If you're reading this post, then I'm sure you have heard the conversation in some form or fashion, too.  There are statistics galore out there to show that there is some truth to the statement that young folks are leaving the local church.  David Kinnaman wrote a book, You Lost Me, that discussed some of the statistics that the Barna Group had discovered on this topic.

I believe that there is enough fact to these statistics that it should cause the local church to ask some serious questions.  I have a theory that I believe might take the conversation in another direction.  I served the Lord through student ministry in some fashion from 1997-2011.  It was in 2011 that I felt the Lord moving me from just student ministry to the pastorate.  During my 14 years of student ministry service, I saw something played out time and time again.

I would watch as a church told its children's ministry and student ministry things like:

  • "Be creative"

  • "Meet them where they are."

  • "Show how the Bible is applicable to their lives today."

I saw nothing wrong with any of those things.  In fact, I thought that these churches were spot on with these pushes.  The trouble came when a child/student would graduate and enter the "adult ministry."  It was here in many of these churches that I saw the disconnect begin.  I would hear things like:

  • "That is okay for there (children/student ministry), but not here."

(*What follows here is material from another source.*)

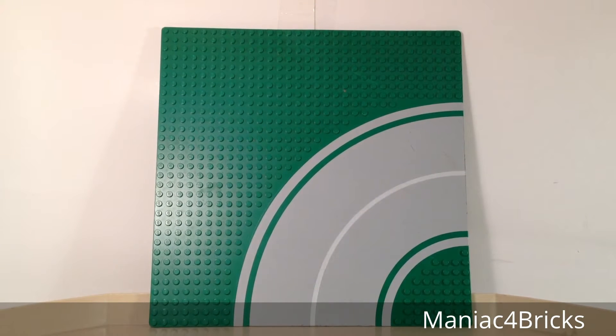Hello everybody, this is Maniac for Bricks, and I am here today with set number 6321, curved road plates from Lego Town.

  • "It's time to put childish things away."

It baffled me that a church would allow a training/discipling technique to be used for a person for a potential period of 18 years, but then they would have to switch because it wasn't good enough now.  With this thought in play, what would the church expect?

I think while there are many people who are walking away from the local church altogether, all the stats of young people might not necessarily be leaving the church totally.  They might be leaving the church they grew up in.  They go through these children and student ministries that teach them about the faith in a manner that meets them where they are and takes them to where they should be.  Then, when they are told that "way" is childish (insufficient, wrong), then they begin to question the faith altogether or find a place that is similar to what they've grown up with.

I do not think this is about the "worship wars" (traditional vs contemporary).  Both avenues are desperately needed in our world today.  I think that it is more a question of what is our discipleship plan?  If it is good enough for children/youth, why wouldn't it be good enough for adults?

I personally think that it would serve a local church better to develop a discipleship plan that works across the board (children - senior adults) in similar fashion rather than having different styles and plans scattered throughout the generations.  I just have to believe that if this was done more effectively, then this "exodus" that we are seeing currently might be able to be reversed.